From a security engineering perspective a big purpose of memory is to ensure critical data like keys are not copied and zeroed after free. I don’t believe this is being done at the program level for any users of memory, meaning the secrets being encrypted and often the entropy used to generate or agree on the original key isn’t being zeroed. Instead let’s add a GHC flag to zero memory on copy/free/move operations.

Can someone give motivation for why basement is in this group other than its maintenance falling behind and it being a dependency of cryptonite? Would the community be better served by removing the basement dependency?

As for cryptonite, last I looked it didn’t have any cohesion between implementations. There’s hand written C with hand written Haskell bindings. Making a binding generator, that isn’t just CPP, for each class of algorithm would be more comfortable. Even then it might be better to do micro libraries much like amazonka does instead of having all crypto algorithms in one package.

I’d join the effort based on the higher level goal but I don’t think I’d spend any time maintaining forks of basement, memory, or cryptonite.

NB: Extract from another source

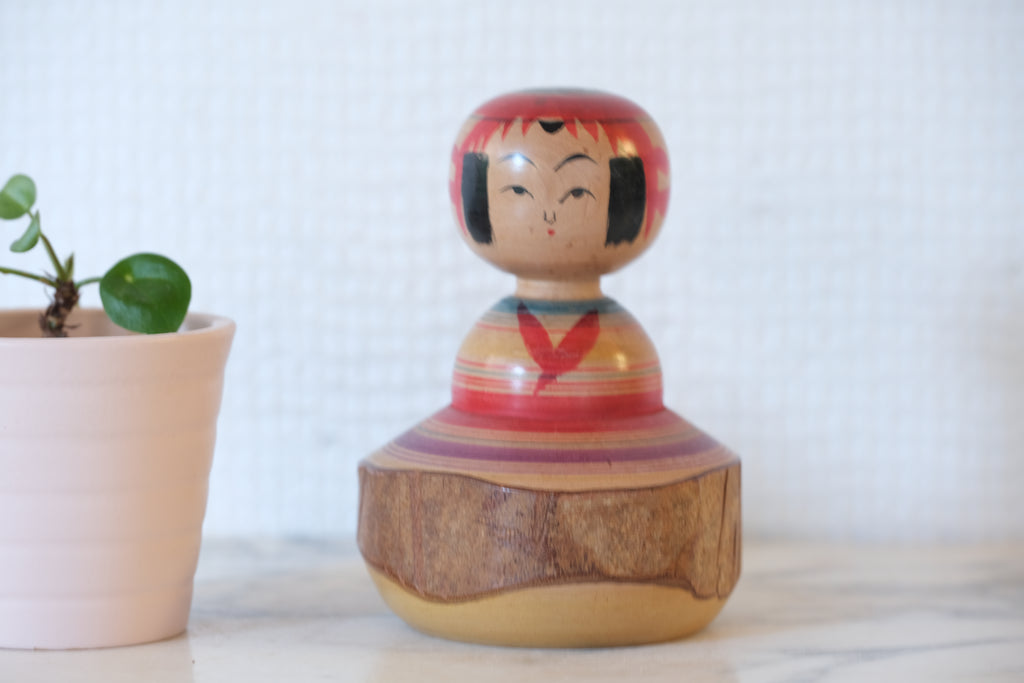 Vintage Ejiko Kokeshi from the Yajirou Strain | 10 cm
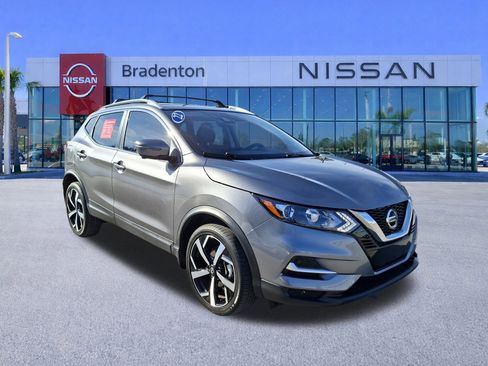 Certified 2022 Nissan Rogue Sport SL image 3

Well that’s good because I’ve initiated a package takeover on Hackage. :slight_smile:

Instead let’s add a GHC flag to zero memory on copy/free/move operations.

I agree.

Would the community be better served by removing the basement dependency?

I would, I plan on doing so.

Even then it might be better to do micro libraries much like amazonka does instead of having all crypto algorithms in one package.

For the sake of discoverability and usability I’d prefer keeping cryptonite as a “kitchen sink” aggregating packages whilst having more focused libraries, indeed.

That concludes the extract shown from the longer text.